* **PROBLEM STATEMENT**
Exactly as they appear, copy the lines from the start of the entries below to the line containing "Close-up of a", both ends included.

+++ AVAILABLE DATA +++

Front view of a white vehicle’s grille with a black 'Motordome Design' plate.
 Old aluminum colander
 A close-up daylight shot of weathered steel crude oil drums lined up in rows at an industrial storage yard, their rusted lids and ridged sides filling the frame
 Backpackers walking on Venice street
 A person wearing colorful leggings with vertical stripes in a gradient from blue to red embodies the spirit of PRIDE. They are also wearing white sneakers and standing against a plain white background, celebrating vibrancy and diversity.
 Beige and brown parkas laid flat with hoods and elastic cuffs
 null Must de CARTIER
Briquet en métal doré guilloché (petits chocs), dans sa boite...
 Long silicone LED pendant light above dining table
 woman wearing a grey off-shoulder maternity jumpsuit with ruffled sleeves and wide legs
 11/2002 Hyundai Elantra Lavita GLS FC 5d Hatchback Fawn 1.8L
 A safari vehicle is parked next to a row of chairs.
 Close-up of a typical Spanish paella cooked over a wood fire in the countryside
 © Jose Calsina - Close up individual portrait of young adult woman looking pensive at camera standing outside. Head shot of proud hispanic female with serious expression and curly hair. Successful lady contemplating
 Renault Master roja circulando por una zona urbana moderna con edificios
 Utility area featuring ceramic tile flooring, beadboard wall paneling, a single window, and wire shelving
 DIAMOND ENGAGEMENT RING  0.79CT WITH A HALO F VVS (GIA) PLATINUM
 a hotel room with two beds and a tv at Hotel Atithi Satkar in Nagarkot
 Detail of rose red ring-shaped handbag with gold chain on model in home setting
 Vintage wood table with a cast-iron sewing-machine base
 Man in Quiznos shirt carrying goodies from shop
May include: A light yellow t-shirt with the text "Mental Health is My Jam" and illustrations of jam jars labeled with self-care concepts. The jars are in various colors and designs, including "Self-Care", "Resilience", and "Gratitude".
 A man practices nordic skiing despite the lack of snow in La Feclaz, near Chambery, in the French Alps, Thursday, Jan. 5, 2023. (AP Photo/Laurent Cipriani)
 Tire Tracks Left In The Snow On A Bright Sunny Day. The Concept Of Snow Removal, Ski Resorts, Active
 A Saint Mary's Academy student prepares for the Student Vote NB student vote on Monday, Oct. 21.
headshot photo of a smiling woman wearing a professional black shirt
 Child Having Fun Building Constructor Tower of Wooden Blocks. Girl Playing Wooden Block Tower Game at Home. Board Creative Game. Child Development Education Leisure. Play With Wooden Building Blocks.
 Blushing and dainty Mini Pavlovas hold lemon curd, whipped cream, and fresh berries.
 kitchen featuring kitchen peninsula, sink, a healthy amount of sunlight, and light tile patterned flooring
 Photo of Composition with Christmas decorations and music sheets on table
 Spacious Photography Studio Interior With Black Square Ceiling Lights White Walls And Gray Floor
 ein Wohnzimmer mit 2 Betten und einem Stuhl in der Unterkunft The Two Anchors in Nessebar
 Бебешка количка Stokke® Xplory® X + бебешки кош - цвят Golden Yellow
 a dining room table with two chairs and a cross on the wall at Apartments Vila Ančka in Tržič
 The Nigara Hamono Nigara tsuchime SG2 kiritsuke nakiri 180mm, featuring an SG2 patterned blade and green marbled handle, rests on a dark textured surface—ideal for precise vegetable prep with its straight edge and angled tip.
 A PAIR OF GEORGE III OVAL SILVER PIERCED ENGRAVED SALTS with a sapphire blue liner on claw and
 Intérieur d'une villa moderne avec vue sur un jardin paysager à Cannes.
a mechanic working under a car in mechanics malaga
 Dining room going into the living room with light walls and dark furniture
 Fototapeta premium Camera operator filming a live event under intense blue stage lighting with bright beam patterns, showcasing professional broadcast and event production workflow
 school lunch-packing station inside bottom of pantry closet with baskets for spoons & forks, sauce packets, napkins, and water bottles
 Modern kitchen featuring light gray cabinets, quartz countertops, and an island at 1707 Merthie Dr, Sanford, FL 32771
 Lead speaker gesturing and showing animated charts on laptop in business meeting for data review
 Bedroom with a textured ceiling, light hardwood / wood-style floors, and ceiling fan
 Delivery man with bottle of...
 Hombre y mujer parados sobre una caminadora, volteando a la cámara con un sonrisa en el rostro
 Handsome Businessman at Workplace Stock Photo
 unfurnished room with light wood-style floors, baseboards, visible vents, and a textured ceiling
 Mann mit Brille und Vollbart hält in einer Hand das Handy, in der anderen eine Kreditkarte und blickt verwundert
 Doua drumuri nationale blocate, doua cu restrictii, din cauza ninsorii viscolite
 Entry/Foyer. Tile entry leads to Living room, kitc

+++

* **WRITTEN REPLY**
Front view of a white vehicle’s grille with a black 'Motordome Design' plate.
 Old aluminum colander
 A close-up daylight shot of weathered steel crude oil drums lined up in rows at an industrial storage yard, their rusted lids and ridged sides filling the frame
 Backpackers walking on Venice street
 A person wearing colorful leggings with vertical stripes in a gradient from blue to red embodies the spirit of PRIDE. They are also wearing white sneakers and standing against a plain white background, celebrating vibrancy and diversity.
 Beige and brown parkas laid flat with hoods and elastic cuffs
 null Must de CARTIER
Briquet en métal doré guilloché (petits chocs), dans sa boite...
 Long silicone LED pendant light above dining table
 woman wearing a grey off-shoulder maternity jumpsuit with ruffled sleeves and wide legs
 11/2002 Hyundai Elantra Lavita GLS FC 5d Hatchback Fawn 1.8L
 A safari vehicle is parked next to a row of chairs.
 Close-up of a typical Spanish paella cooked over a wood fire in the countryside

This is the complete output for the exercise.